Shandon Church, St. Anne's Shandon dates 1722 but its tower was not erected until 1750. This is a very splendid Church with two limestone faces and two faces dressed in red sandstone. There are three terraced square towers topping it off which are very finely and gracefully proportioned. The steeple houses the famous bells of Shandon and the tower itself is one of the city's best-known landmarks. The tower is crowned with the gilt ball and a fish in the form of a salmon, thirteen feet in length. The church replaces an older church of St. Mary which was destroyed in the siege of 1690.
The foundation stone of the City Hall, erected on the site of the former building was laid by Mr. de Valera, president of the Executive Council of the State on the 9th July, 1932. The building consists of three sections, two wings comprising the Municipal Offices and an assembly hall, capable of seating 1,300 people. The first occupation of the building took place in March, 1935, when the staffs of a number of the Departments moved into the western wing. The first meeting of An Bardas was held in the new building on the 24th April, 1935. The building was formerly opened by the President on the 8th Sept., 1936.
The building is designed on classic lines to harmonise with the examples of eighteenth century architecture and the modern buildings, fundamentally Georgian in character, that so richly endow Cork City. It is an imposing and dignified structure, and, with its long main front dominating the river, immediately attracts attention by reason of the excellence of its proportion and the simplicity of its treatment. The facades are of dressed limestone from the Little Island (County Cork) Quarries. In connection with the stone work, which is a feature of the structure, one may perhaps specifically refer to the columns of the Doric order that grace the main and subsidiary porticos.
Busts, by Seamus Murphy, R.H.A., of Lord Mayors Tomas MacCurtain and Terence MacSwiney were unveiled in the vestibule by Comhairleoir S. MacCarthy, T.D., Lord Mayor, on 28th June, 1964. The main entrance to the offices is through a marble paved vestibule to the main staircase hall. The stairs are of polished marble and the balustrading of ornamental hammered wrought iron. On the first floor over the entrance are the principal departments which form the Lord Mayor's suite. The Council Chamber on the other side of the corridor is approached through a lobby. This Chamber is well conceived, being both lofty and spacious. It is naturally lighted from an ornamental dome. Galleries have been provided for distinguished visitors and the general public. Here much freedom has been displayed both in the decorative and plaster work and in the balustrading, the walls being in panelled mahogany. The furnishing of the chamber is also of mahogany to the Architect's designs.

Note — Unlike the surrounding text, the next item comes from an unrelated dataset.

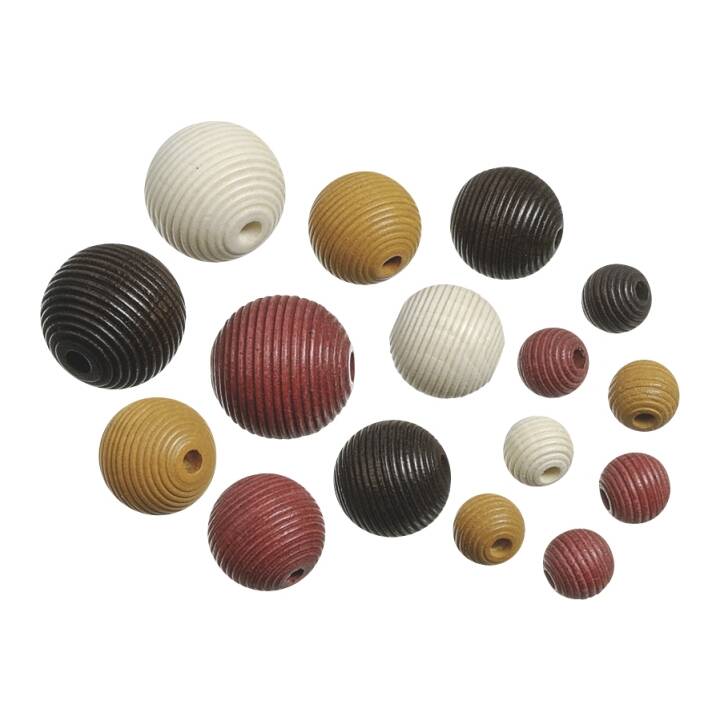 KNORR PRANDELL Mix Perlen (20 Stück, Holz, Ocker, Schwarz, Braun, Weiss)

A plaque, by Seamus Murphy, R.H.A., bearing a profile of the late President Kennedy erected over the main entrance door of the City Hall vestibule was unveiled by the Lord Mayor, Comhairleoir S. MacCarthy, T.D., on 29th June, 1964.
Another plaque by Seamus Murphy, R.H.A., lists the first members of Council of the County Borough of Cork to be a Republican Majority.
A Visitor's Book listing recipients of the Freedom of the City is available for inspection by interested parties.